I don't remember, but I think it must've been ocarina of time. I remember seeing my older siblings playing it and I played it in secret without any of them knowing. I don't remember how far I got. Later I replayed it and loved it. Still do and got to beat it without any strategy guide. (maybe it's an easy game, but that was one of my proudest moments in my early gaming.)


----------



## jacex (Aug 29, 2019)

Didn’t play anything until like, gameboys.
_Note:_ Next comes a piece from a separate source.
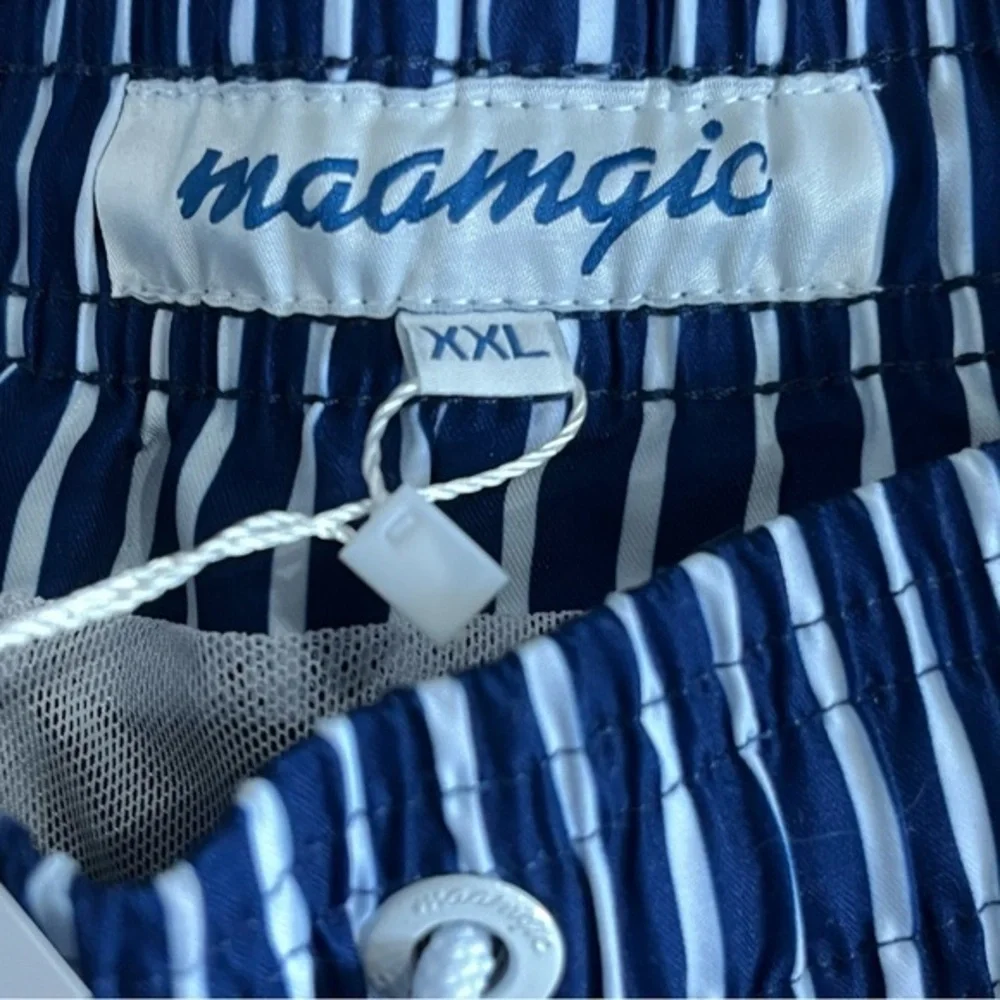 Maamgic Mens Swim Trunks Mesh Lining Navy Blue XXL Elastic‎ Waist Drawstring NWT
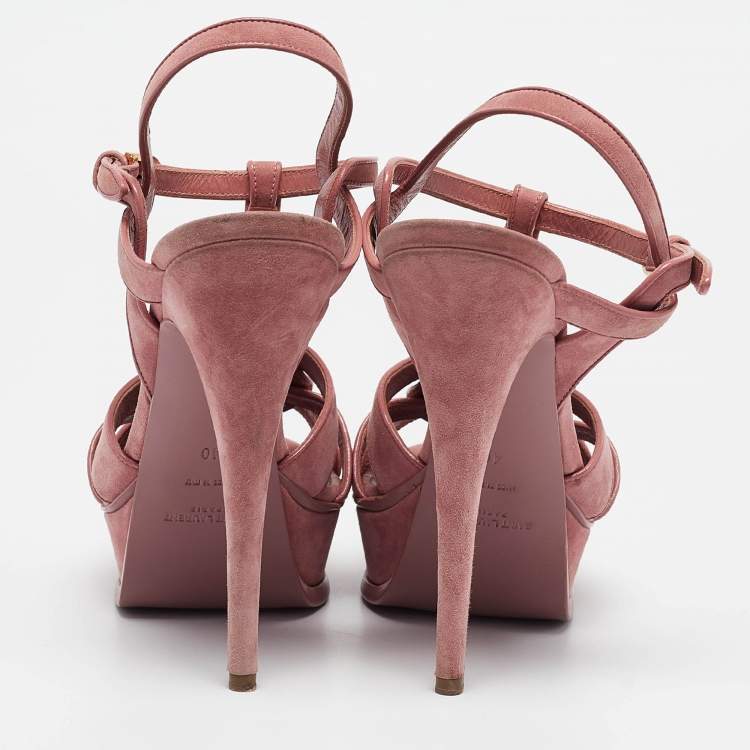 Pre Owned Saint Laurent Pink Suede Tribute Sandals Size 40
So I’d say something on that.


----------



## trinity. (Aug 29, 2019)

mine was actually animal crossing city folk. it'll always be my favourite. my mom played it so the game would progress and gave me tons of bells. my room was full of sweets furniture and computers, my two true passions. it actually taught me how to read. every time i would talk to a villager she would read it out loud for me and eventually i could read it on my own.


----------



## Darby (Sep 1, 2019)

A Merlin


----------



## soki (Sep 8, 2019)

i think i played a flash game on newgrounds or cartoon network


----------



## Mr_Persona (Sep 9, 2019)

Omg its been so long ago l can't even remember
all ik it was a Xbox game


----------



## L0g1c (Sep 10, 2019)

I'm not even going to try to remember all those Flash games or arcade games. I got my first system (DS Lite) in fourth grade i think. My first game was Treasure Planet GBA.


----------



## Alyx (Sep 21, 2019)

I'm having a hard time remembering. It had to either be the first Animal Crossing (Christmas morning 2002), or Super Mario Sunshine. I bet it was AC.


----------



## MarzipanDragyn (Sep 24, 2019)

I was really little, so I can't remember much...
What I do distinctly remember is playing Spyro: Year of the Dragon on the PS1.

- - - Post Merge - - -

I was really little, so I can't remember much...
What I do distinctly remember is playing Spyro: Year of the Dragon on the PS1.


----------



## LottieandSoul (Sep 26, 2019)

I can't be sure, the earliest I can remember is playing Legend of Zelda Ocarina of Time-- what a time to alive amirite


----------



## Mayor Jack (Sep 26, 2019)

I remember when I was really young I would always watch my dad play Mario Kart Wii. I tried playing it but was really bad and came last in every race. I would always tell my dad to race on Grumble Volcano though because that was his least favourite track and the one he found the hardest.


----------



## succulents (Sep 26, 2019)

Pretty sure it was Mario Kart on the Wii back in 2008! I was four at the time and me and my dad would play constantly. I should play it with him soon for old times' sake.


----------



## Laconic (Sep 26, 2019)

Pok?mon Silver or one of the older LoZ games, I believe it was LoZ: Link's Awakening on the Gameboy? It must have been in color, but for some reason I remember it in black and white. I played both of those games before I could even read, and continued to do so after I could read. Pok?mon Silver especially has a special place in my heart, I had to of played through the entire game dozens of times.


----------



## 2kimi2furious (Oct 2, 2019)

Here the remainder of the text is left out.